Indigenous, Amazonian, and decolonial feminist scholars argue that women are not simply defending abstract rights. They are defending their bodies as territories of life, memory, care, and political struggle.
Research on women in the Brazilian Amazon shows how the concept of body-territory connects environmental justice, gender violence, and resistance to land dispossession (Miranda et al., 2023).
This perspective disrupts the colonial separation between body, land, and politics.
The female body ceases to be an object of moral control and becomes a living center of knowledge, reproduction of life, and collective future.
Who Produces Science Also Matters
Science itself is not immune to the inequalities it studies.
A study on the Latin American neuroscience community identified persistent gender inequalities within scientific careers, affecting funding access, career progression, and academic recognition for women researchers (Bouzat et al., 2021).
This insight is crucial.
There is no truly decolonial neuroscience without asking:
Who produces knowledge?
From which body?
Under which social conditions?
Science is not produced in a vacuum.
It is produced by bodies located within histories, territories, and relations of power.

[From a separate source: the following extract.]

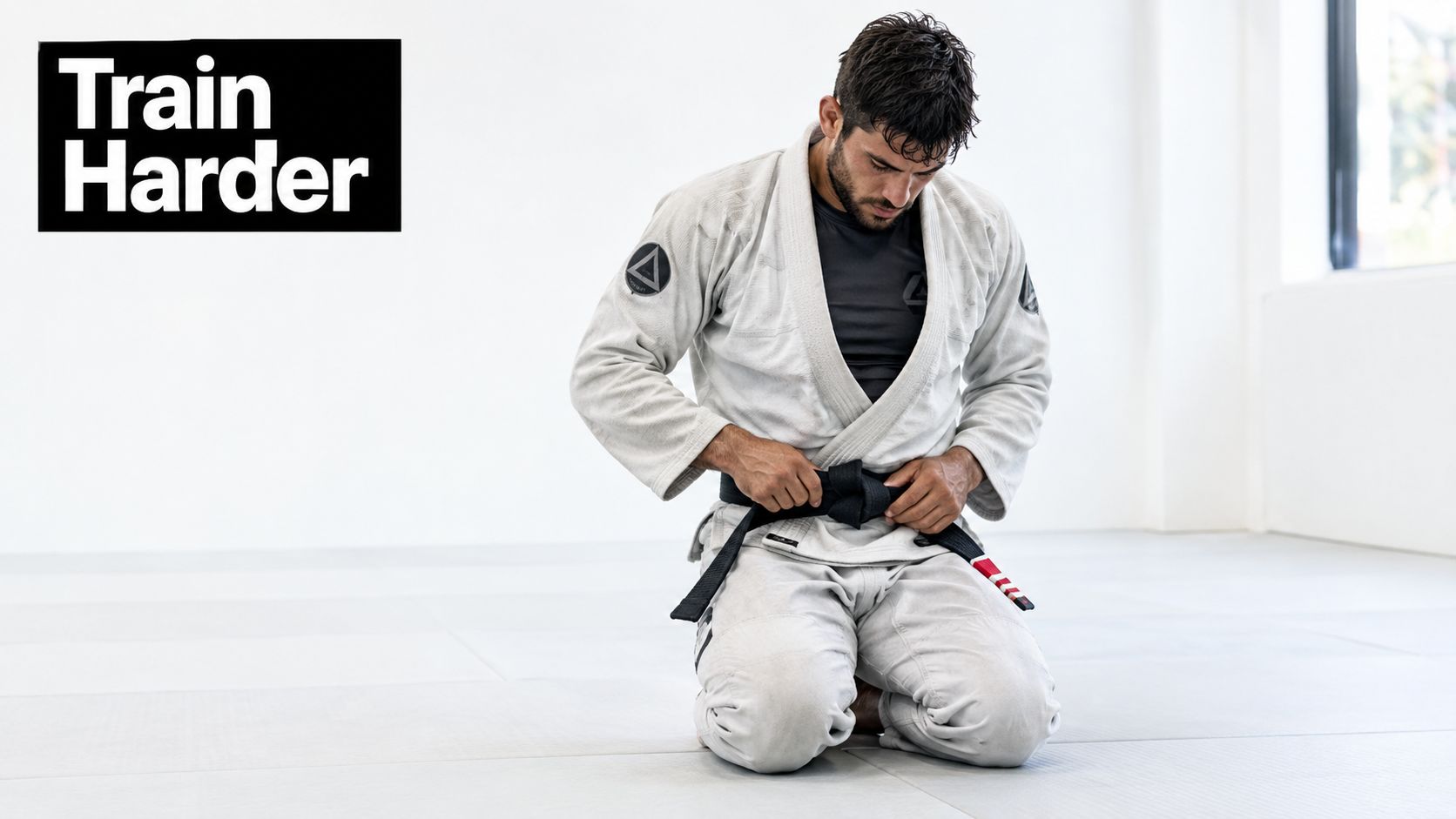 A martial artist in a white gi and black belt kneeling on a gym mat.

A Difficult Question for International Women’s Day
International Women’s Day might require fewer slogans and more difficult questions.
Not simply:
What is the role of women?
But rather:
Which narratives are still capturing women’s bodies, restricting their movement, authority, and presence in public life?
And even deeper:
What kind of society needs to diminish women in order to function?

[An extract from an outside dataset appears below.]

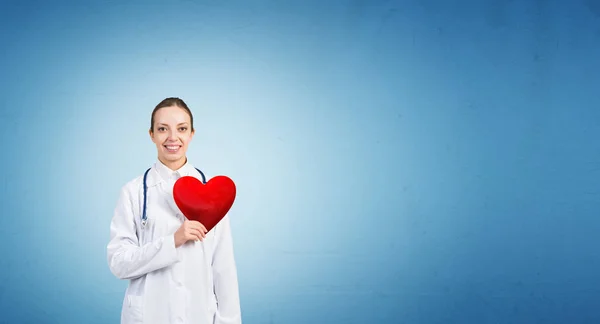 Médico feminino segurando símbolo coração — Fotografia de Stock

A society that depends on the humiliation or containment of women to sustain itself is not stable.
It is a society in chronic defense.
It is a society that replaces belonging with control,
bodies with norms,
and life with domination.
A Simple and Radical Conclusion
Women are not extensions of men.
Women are not concessions granted by the state.
Women are not moral silence justified by religion.
Women are body.
Women are territory.
Women are intelligence.
Women are memory.
Women are science.
Women are future.
Any civilization that attempts to erase this reality is not defending God, family, or order.

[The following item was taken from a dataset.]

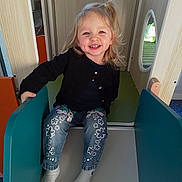 Catalyna a rejoint le concours — aidez-le/la à gagner de superbes lots ! blonde_hair, candid, cardigan, child, cute, happy, indoor_play, jeans, light, missing_tooth, play_equipment, playground, portrait, sitting, slide, smile, socks, toddler, window, wooden_panel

It is merely refining the mechanisms of violence.
References
(Latin American researchers, post-2020)
Baez, S., Ibáñez, A., et al. (2024). Enhancing brain health in the Global South through a sex and gender lens. Nature Mental Health.
Bouzat, C., et al. (2021). Gender inequality in the Latin American neuroscience community. IBRO Neuroscience Reports.
Carranza, B., & Vital, C. (2024). Democracy and the Christian Right in Brazil: Family, sexualities and religious freedom. Religions.
Araújo, V. (2022). Can conservatism make women more vulnerable to violence? Comparative Political Studies.
Vasconcelos, N. M., et al. (2025). Who are the adult women exposed to violence in Brazil? National epidemiological study.
Campos, M. C. T., et al. (2025). Violence experienced by women and mental health in Brazilian favelas during COVID-19. Public health research.
Pispira, J., et al. (2022). Gender-based violence in Latin America: current state and challenges. Public health research.
Miranda, C. M., et al. (2023). Women in the Amazon: struggles in defense of their body-territories. Revista Estudos Feministas.